Unreal Nature

November 17, 2018

Still What We Need

Filed under: Uncategorized — unrealnature @ 5:50 am

… how valuable is the experience?

This is from The Empty Space by Peter Brook (1968):

… Railing against the sterility of the theatre before the war in France an illuminated genius Antoine Artaud wrote tracts describing from his imagination and intuition another theatre — a Holy Theatre in which the blazing center speaks through those forms closest to it. A theatre working like the plague, by intoxication, by infection, by analogy, by magic; a theatre in which the play, the event itself, stands in place of a text.

Is there another language, just as exacting for the author, as a language of words? Is there a language of actions, a language of sounds — a language of word-as-part-of-movement, of word-as-lie, word-as-parody, of word-as-rubbish, of word-as-contradiction, of word-shock or word-cry? If we talk of the more-than-literal, if poetry means that which crams more and penetrates deeper — is this where it lies?

… an actor making a gesture is both creating for himself out of his deepest need and yet for the other person. It is hard to understand the true notion of spectator, there and not there, ignored and yet needed. The actor’s work is never for an audience, yet always is for one. The onlooker is a partner who must be forgotten and still constantly kept in mind: a gesture is statement, expression, communication and a private manifestation of loneliness — it is always what Artaud calls a signal through the flames — yet this implies a sharing of experience, once contact is made.
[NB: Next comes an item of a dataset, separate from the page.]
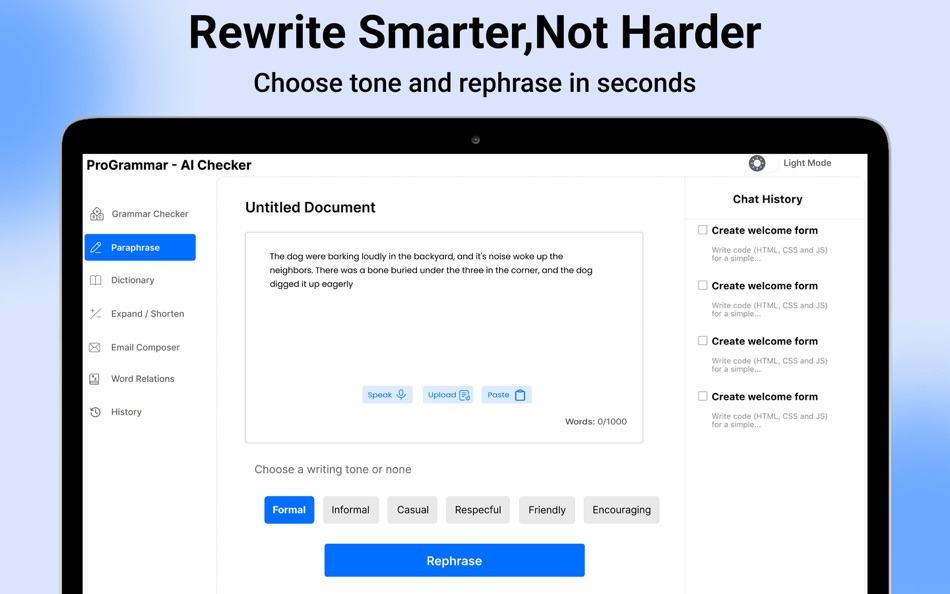 #2. ProGrammar -AI writing checker (macOS) بواسطة: Muhammad Zubair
… Our aim for each experiment, good or bad, successful or disastrous, was the same: can the invisible be made visible through the performer’s presence?

We know that the world of appearance is a crust — under the crust is the boiling matter …
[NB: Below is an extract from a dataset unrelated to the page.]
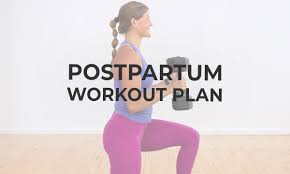 postpartum workout plan free pdf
… we were trying to smash the apparently water-tight divisions between the private and the public man: the outer man whose behavior is bound by the photographic rules of everyday life, who must sit to sit, stand to stand — and the inner man whose anarchy and poetry is usually expressed only in his words. For centuries, unrealistic speech has been universally accepted, all sorts of audiences have swallowed the convention that words can do the strangest things — in a monologue, for instance, a man stays still but his ideas can dance where they will. Vaulting speech is a good convention, but is there another?
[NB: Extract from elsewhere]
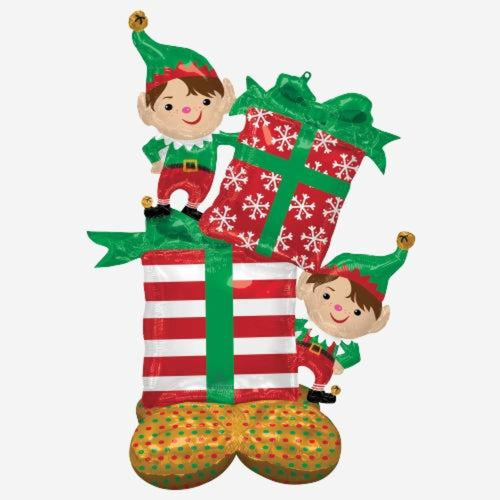 Christmas Elves AirLoonz Foil Balloon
… He wanted an audience that would drop all its defences, that would allow itself to be perforated, shocked, startled, and raped, so that at the same time it could be filled with a powerful new charge.

This sounds tremendous, yet it raises a nagging doubt. How passive does this make the spectator? Artaud maintained that only in the theatre could we liberate ourselves from the recognizable forms in which we live our daily lives. This made the theatre a holy place in which a greater reality could be found. Those who view his work with suspicion ask how all-embracing is this truth, and secondly, how valuable is the experience?

[line break added] A totem, a cry from the womb: these can crack through walls of prejudice in any man: a howl can certainly reach through to the guts. But is this revealing, is this contact with our own repressions creative, therapeutic? Is it really holy — or is Artaud in his passion dragging us back to a nether world, away from striving, away from the light — to D.H. Lawrence, Wagner; is there even a fascist smell in the cult of unreason? Is a cult of the invisible, anti-intelligent? Is it a denial of the mind?

… In the theatre, the tendency for centuries has been to put the actor at a remote distance, on a platform, framed, decorated, lit, painted, in high shoes — so as to help to persuade the ignorant that he is holy, that his art is sacred. … Today, we have exposed the sham. But we are rediscovering that a holy theatre is still what we need. So where should we look for it? In the clouds or on the ground?